There are going to be certain design requirements which are going to be built in by virtue of the fact that international aircraft, over the next five-to-ten years, are going to be twice as big as what's flying right now. The enormous transformation in the equipment and the demands of international carriers will have an immediate impact on how the gates are configured. I believe that the orientation towards international is right and will deliver a practical cap as a function of the market and federal requirements. Whether this cap is 78 million or 83 million annual passengers is really a function of the design and the strategy being pursued. That strategy has been to maintain LAX as an international gateway.
Moreover, this is as much a marketing and communications strategy as it is a practical requirement. Safety and security is going to become an enormous marketing advantage, as well as a practical consideration. To be able to say that your facility has been designed in a very aggressive and calculated way to address security means a lot to international travel wholesalers-who are packaging trips-and to the individual consumer.
One of the reasons this plan has been controversial is that a good design has to be able to say what it can't do. One of the things that this plan addresses at the outset is the wholly inadequate regional system of air transportation in Southern California. What's happened, by default rather than by design, is that LAX has become sort of a de facto solution for Orange County's air transportation requirements. If nothing else, this plan can put it square in the eye of the regional leadership that we cannot build Southern California's air traffic solutions on the shoulder of a single municipality. This design is going to have to say "no" to certain segments of the marketplace, just as it will say "yes" to others.

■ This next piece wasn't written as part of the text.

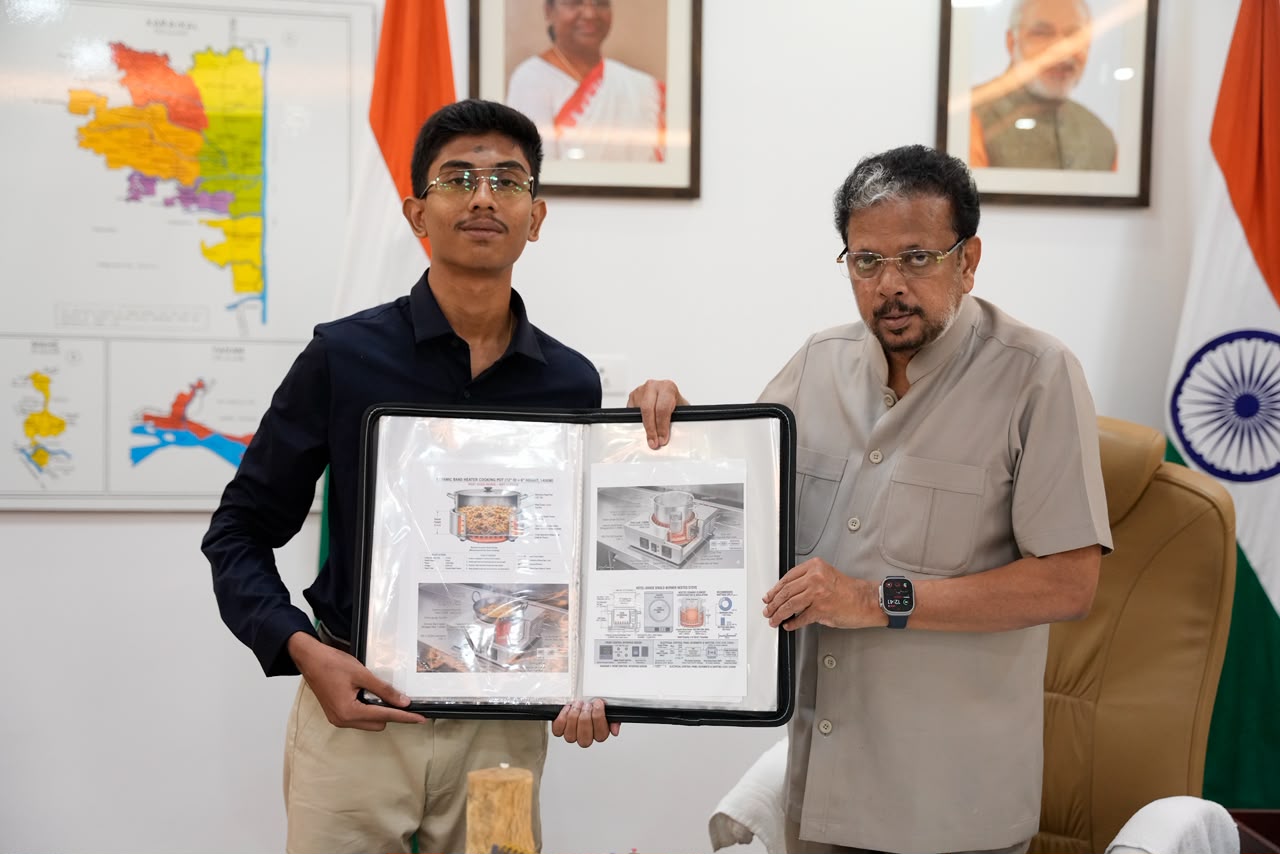Saatvik Karthikeyan with K. Kailashnathan, Lieutenant Governor of Puducherry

Let's conclude with you elaborating on your assessment that Alternative Plan D needs to say what it's going to do, what it isn't going to do; and if it will or will not be a regional hub. Obviously, Los Angeles is in competition with Anaheim, San Diego, and San Francisco as a west coast destination and gateway to the U.S.

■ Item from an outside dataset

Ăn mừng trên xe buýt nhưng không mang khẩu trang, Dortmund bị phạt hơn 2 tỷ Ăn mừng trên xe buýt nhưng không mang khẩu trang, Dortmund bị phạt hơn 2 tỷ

The regional market for LA is largely influenced by the automobile. That does not mean that regional air traffic isn't crucial, but LA is kind of a unique animal. LA is defined economically by visitor traffic on two fronts. One is international, and every international arrival yields about six times the domestic counterpart. The other market segment that is of enormous importance is long haul travelers from the East Coast and central US, who arrive principally by airplane. If you're an international gateway, you have to be able to provide access to major cities throughout the country-Chicago, Atlanta Washington, New York, etc.-and that's what this plan does. I don't think the plan excludes regional carriers, but it certainly will limit their ability to expand at LAX.